WHAT IS NEEDED
Print exactly the line that contains "Children's Map of" along with every line beneath it to the end of the records below, and omit pictures.

Brief descriptive captions:
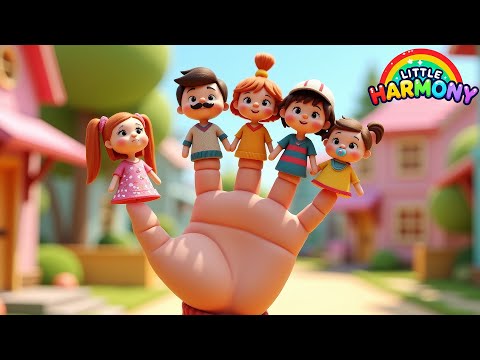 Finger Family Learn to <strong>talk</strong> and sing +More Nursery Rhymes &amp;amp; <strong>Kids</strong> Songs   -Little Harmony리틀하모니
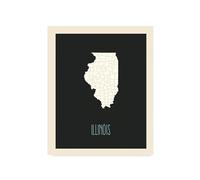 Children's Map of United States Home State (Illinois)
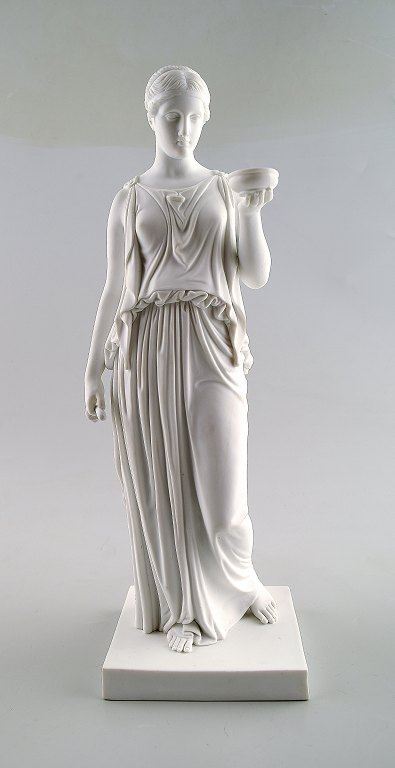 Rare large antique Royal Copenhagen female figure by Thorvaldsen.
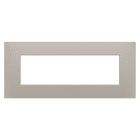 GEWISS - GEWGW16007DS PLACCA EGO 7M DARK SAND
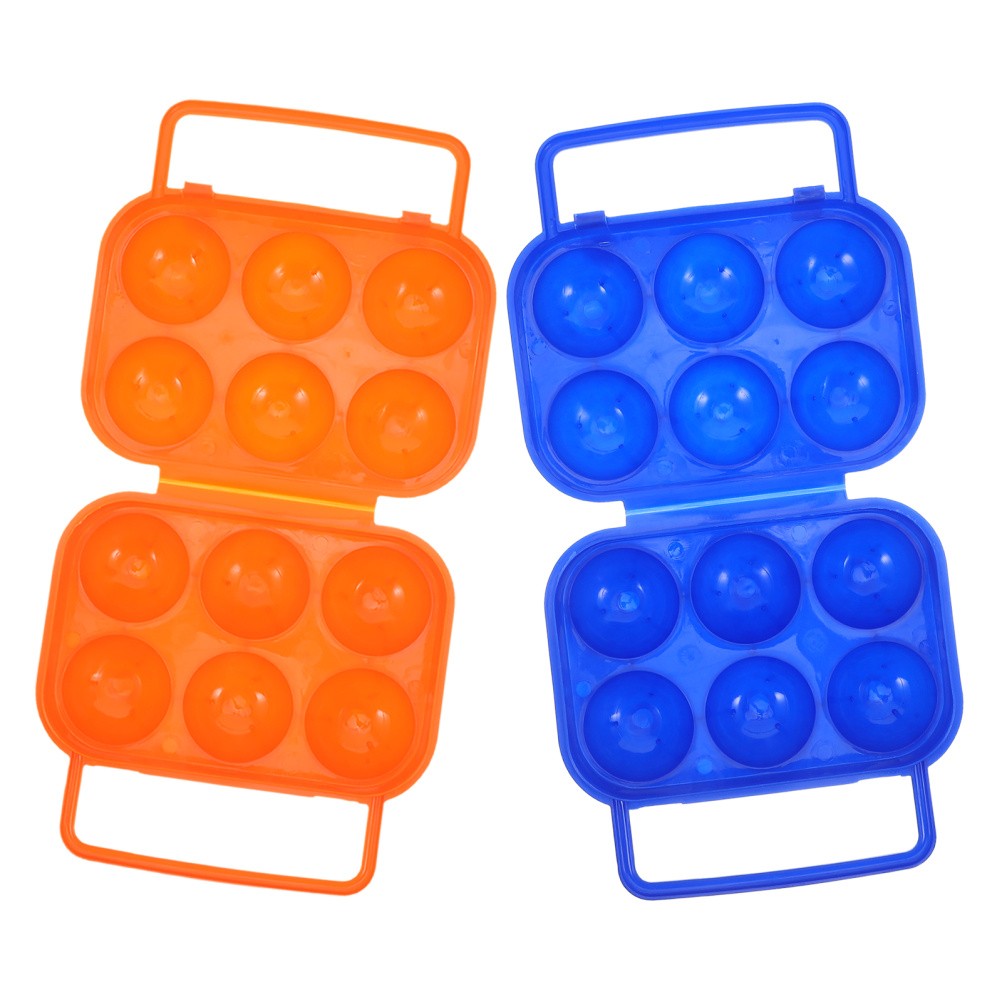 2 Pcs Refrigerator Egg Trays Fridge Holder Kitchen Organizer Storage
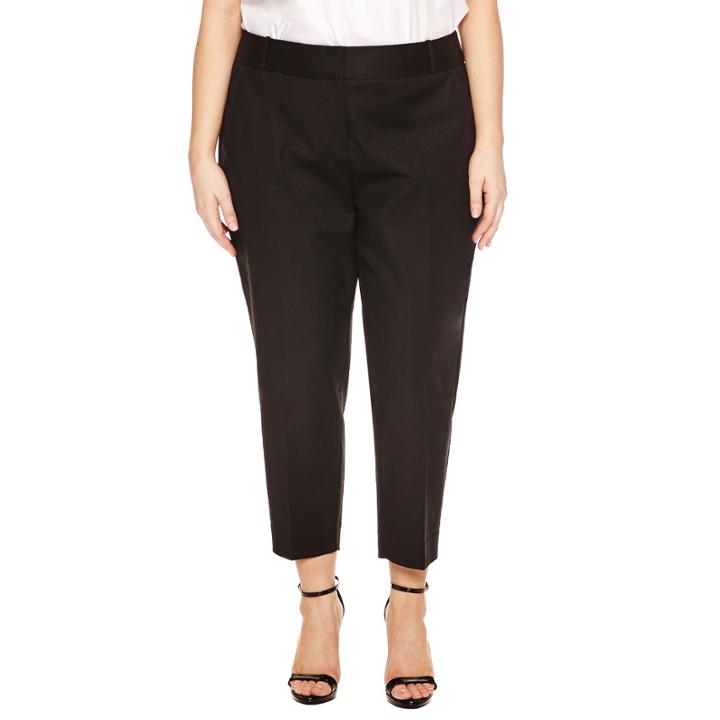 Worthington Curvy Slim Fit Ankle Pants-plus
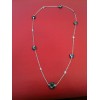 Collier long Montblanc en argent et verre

PROBLEM SOLUTION
 Children's Map of United States Home State (Illinois)
 Rare large antique Royal Copenhagen female figure by Thorvaldsen.
 GEWISS - GEWGW16007DS PLACCA EGO 7M DARK SAND
 2 Pcs Refrigerator Egg Trays Fridge Holder Kitchen Organizer Storage
 Worthington Curvy Slim Fit Ankle Pants-plus
 Collier long Montblanc en argent et verre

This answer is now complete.